### INFORMATION SHOWN
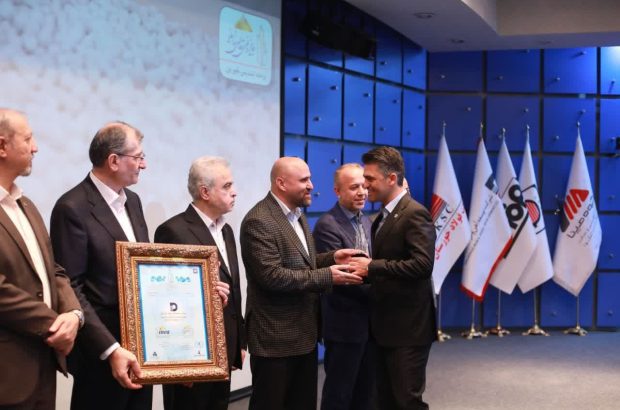 کسب تندیس بلورین جایزه ملی تعالی سازمانی توسط شرکت توسعه آهن و فولاد گل گهر
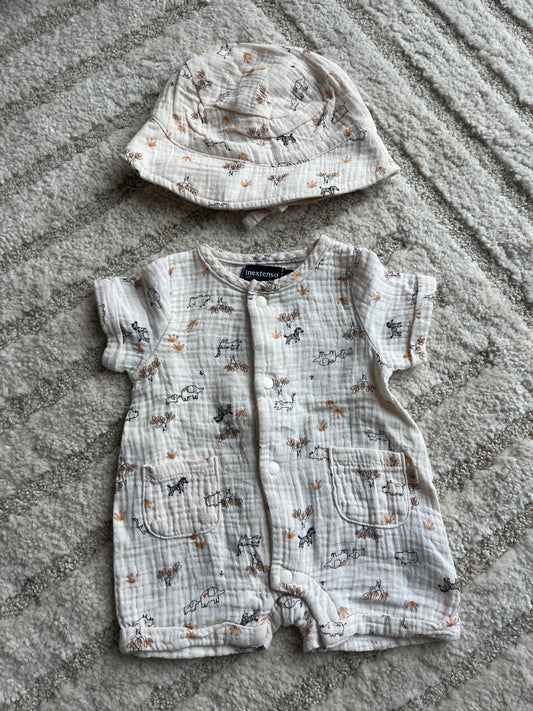 Ensemble barboteuse + chapeau beige motifs animaux savane effet gaze de coton - 0 mois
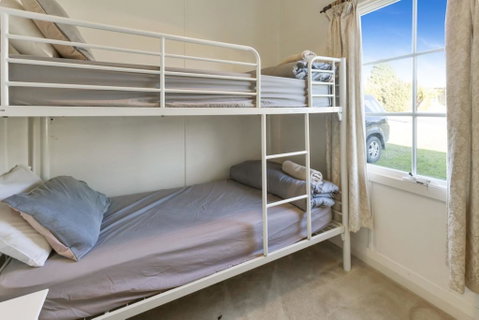 Katisha Cottage - Pet Friendly And Close To Town - Australia Accommodation 1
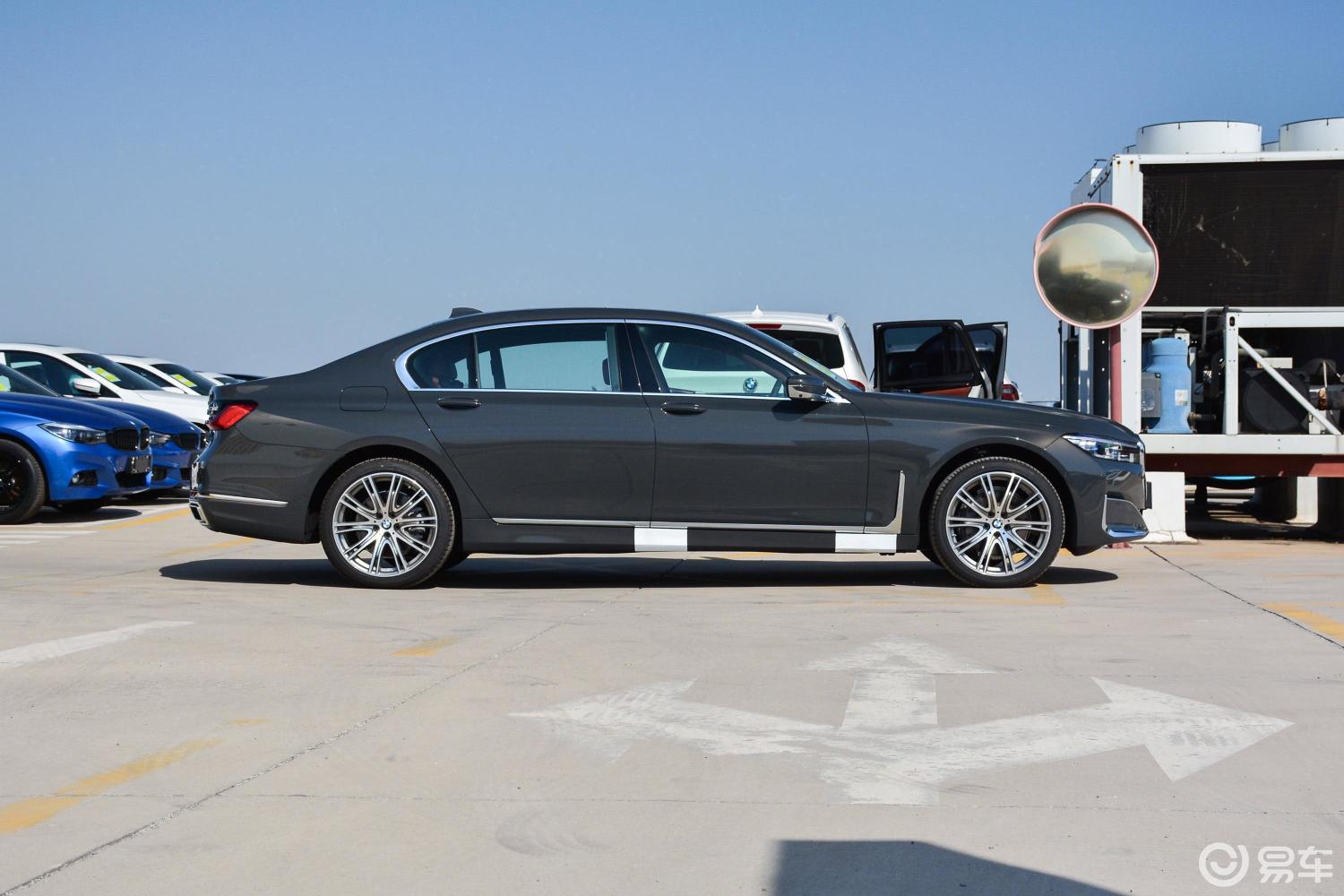 【宝马7系2019款740li xdrive 行政型 豪华套装正侧车头向右水平汽车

### PROBLEM TO SOLVE
Transcribe every line from the one containing "Katisha Cottage - Pet" to the end of the listing, exactly and exclusively. Do not carry any picture over.

### EXPECTED ANSWER
 Katisha Cottage - Pet Friendly And Close To Town - Australia Accommodation 1
 【宝马7系2019款740li xdrive 行政型 豪华套装正侧车头向右水平汽车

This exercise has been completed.